As if that wasn’t enough, this place is just filthy. Not “a bit messy.” Really dirty. The couch, where her dogs lie day and night and where countless guest dogs from other people have sprawled over the years is never cleaned. The floor downstairs gets mopped daily, but with a barely functioning vacuum and a mop that just spreads grime around. The kitchen counter is always cluttered. And the air inside is saturated with dog and ashtray.

Upstairs, the hallway is still covered in the old carpet from my childhood; 34 years old, stained so deeply it’s become part of the pattern. It’s never really cleaned, just vacuumed now and then. Yet we walk through it every day. Fannar too. He sniffs, explores, breathes it all in.

And yes, he sniffs Floor’s butt. That’s what dogs do. But when that same dog poops in the garden or house every day, and cleaning is more symbolic than actual, even that becomes a risk.

We’re doing everything we can to keep him safe. Painfully so. He’s only allowed at the foot of our bed. We pet him with gloves on. And yes, we wash him before we go on trips so he can sit close to us, so he can just be touched and loved without fear. But that’s exactly the point: this should never have to be normal.

And then there’s the smell. The smell that lingers long after she’s gone. Because every evening, she smokes indoors at her boyfriend’s place for at least four hours and brings the smoke back with her in her clothes. Everything smells like an ashtray. Like something that should’ve stayed far away but has seeped into everything: into fabric, into furniture and into air. It feels like a symbol for everything that’s piled up here: things never said, things I’d rather be rid of, but that cling to me all the same.
Always.
Everywhere.

Sometimes I think: if we had found our own place earlier, it would never have gotten this bad.
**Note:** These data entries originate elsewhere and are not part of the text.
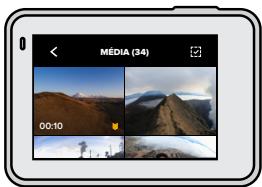 GOPRO HERO7WHITE - UTILISATION DE L'AFFICHAGE DE LA GALERIE - 1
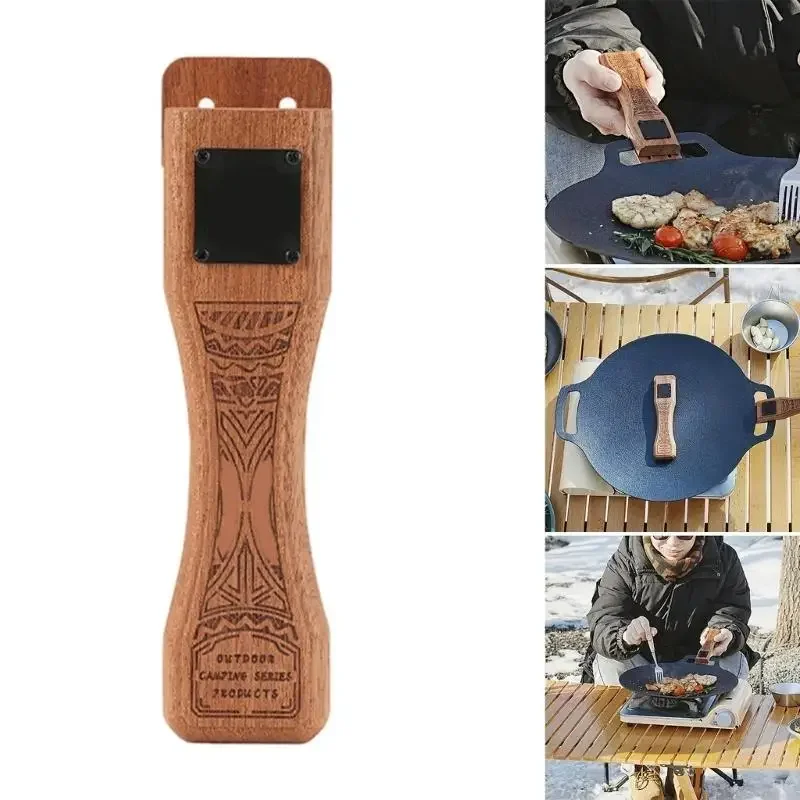 Las parrillas aire libre ergonómicas manejan las altas temperaturas resistentes sartenes no litigantes adecuados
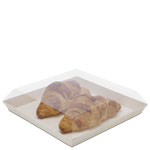 Clear PET Lid for Square Samurai Wooden Dish - 42 oz.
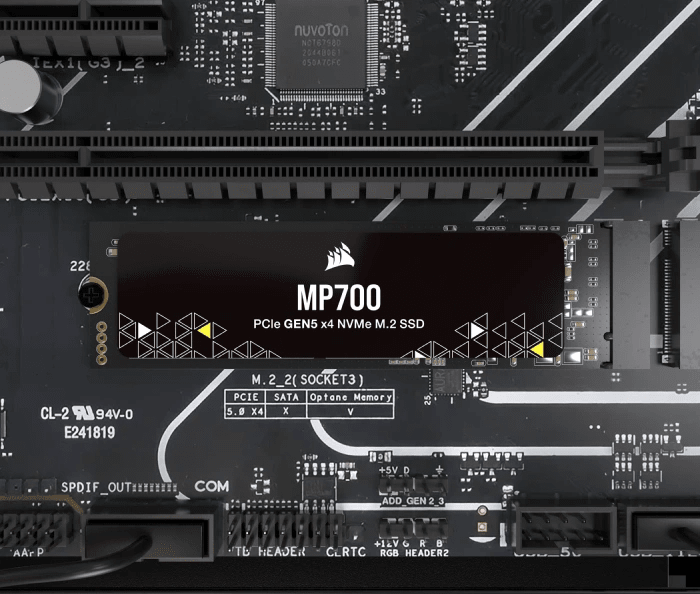 Corsair MP700 PCIe Gen5 2TB NVMe2.0 SSD (RW 10000MB/s)(5年保用)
Maybe our fear of contamination – our “germ phobia” as they call it, would never have grown this large. Maybe we’d have touched things without scrubbing them first. Without gloves. Without fear. Maybe I would’ve been able to trust my own body, instead of having to constantly shield it from everything that feels unsafe.

But we had no space. My boyfriend did. A small apartment. Safe and clean.  Until my mother manipulated us into driving hundreds of kilometers each week just to see each other. Until it cost him everything. Until he lost that home. Because he made room for me, but there was never room for us.

So we stayed. Here. Among the flies, the smoke, the filth. In an environment where the control I tried to hold onto slowly turned into fear. And the fear into behaviors. And those behaviors into something people call “OCD” or “germ phobia”, but which in truth is nothing more than a cry for help. From someone who never had a space where her boundaries were allowed to exist.

And what’s left, then? A garden that makes me feel unclean. A space where I don’t dare to relax. A house that hasn’t felt like home for years.

And still, I’m the one expected to adjust. To let it go. To show understanding for someone else’s chaos while no one ever asks what it’s like to be in my shoes. What it’s like to stand or work in a garden on a summer day, swarmed by flies drawn to feces. What it’s like to keep swallowing it down instead of screaming. What it’s like to live in a place where your limits simply don’t count.

Because, as she says, “I live here too.” But I’ve been asking myself for years: Where, exactly?